Your objective -> Give the listing below again exactly, but without any of its pictures.

Given data ->
┌────────
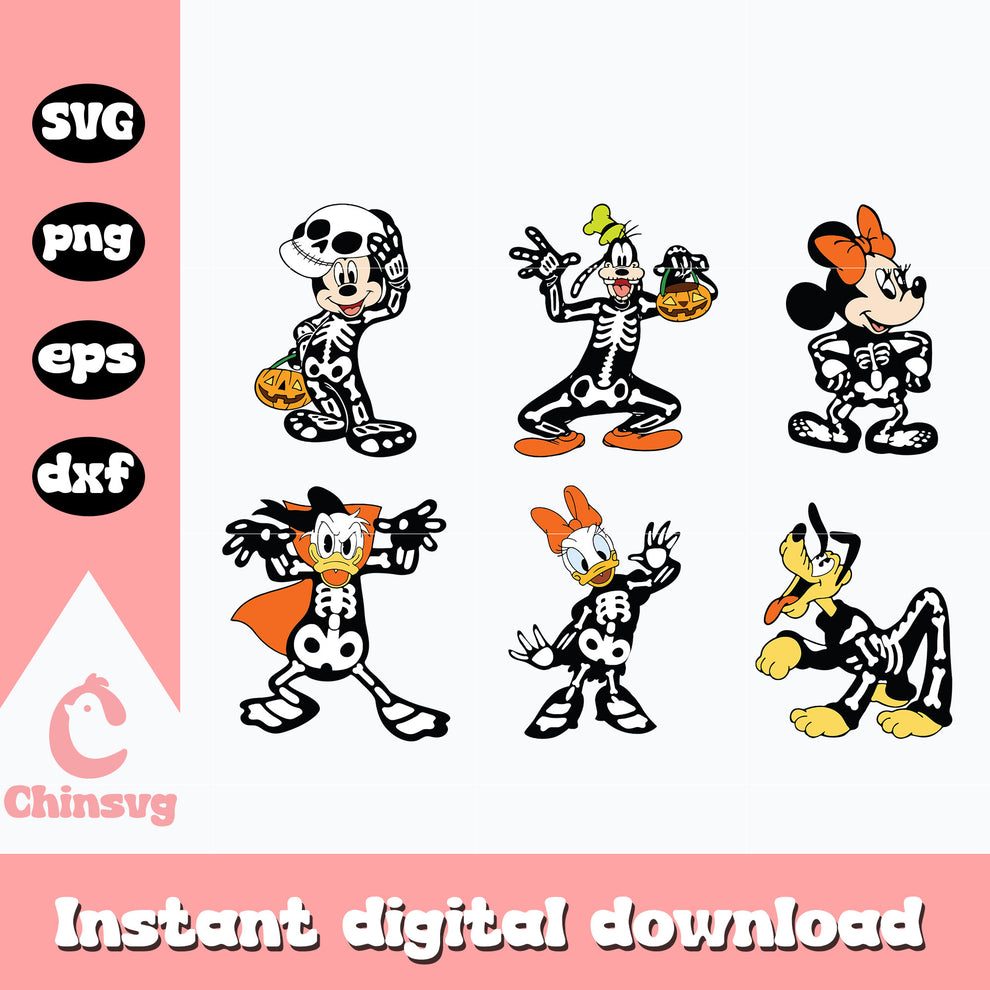 Mickey and friends skeleton Svg, Halloween svg, instant download – Chinsvg
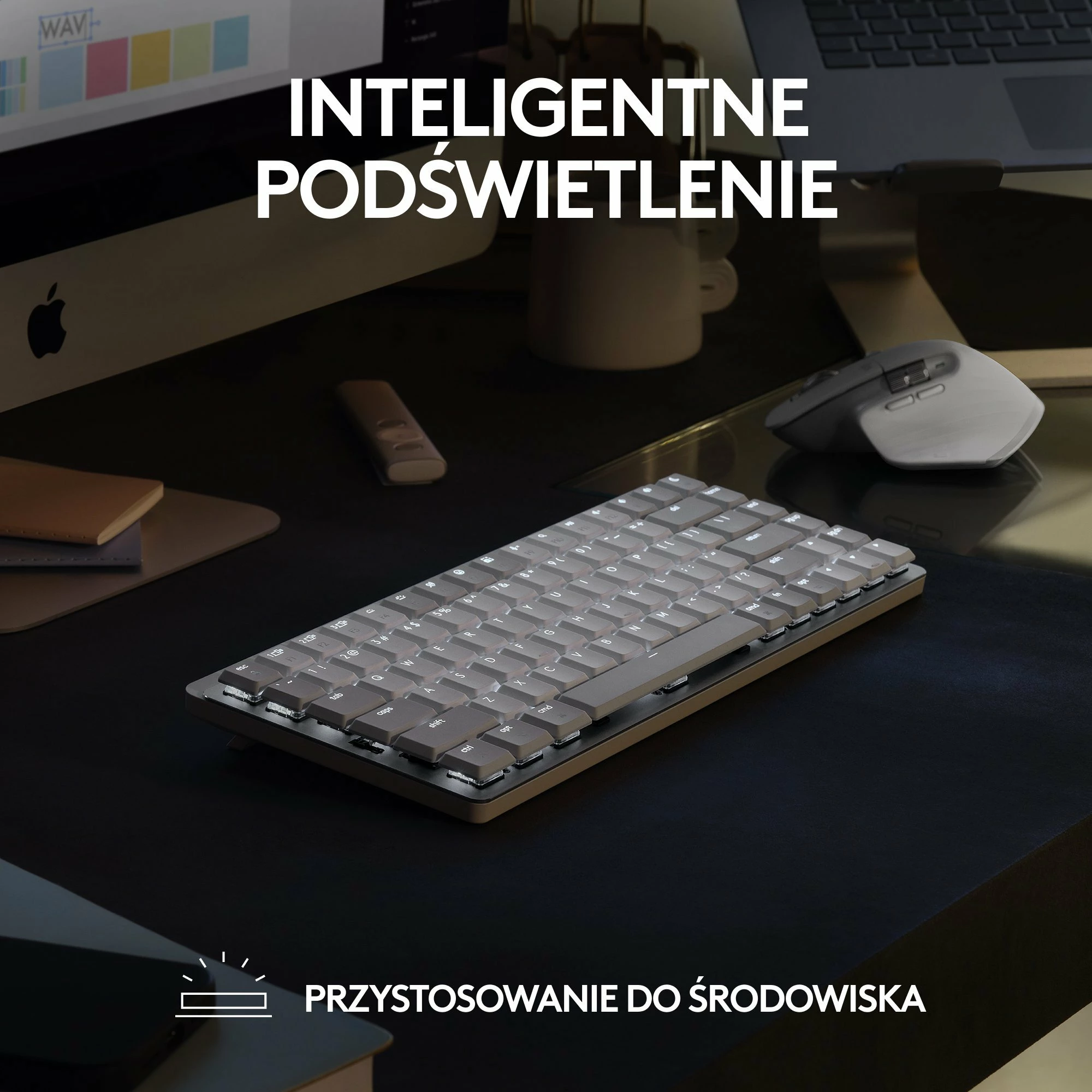 Tastierë mekanike Logitech MX Mechanical Mini for Mac 920-010837, wireless, US INTL layout, backlit, pa numpad, Graphite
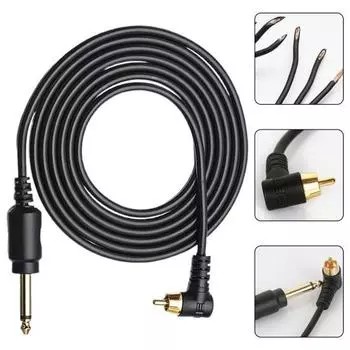 Одноразовая формованная проволока для татуировки, надежная легкая вставка, устойчивая к растяжению ручка для татуировки, кабель с крючком RCA RCA connector чёрный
└────────
Written solution ->
 Mickey and friends skeleton Svg, Halloween svg, instant download – Chinsvg
 Tastierë mekanike Logitech MX Mechanical Mini for Mac 920-010837, wireless, US INTL layout, backlit, pa numpad, Graphite
 Одноразовая формованная проволока для татуировки, надежная легкая вставка, устойчивая к растяжению ручка для татуировки, кабель с крючком RCA RCA connector чёрный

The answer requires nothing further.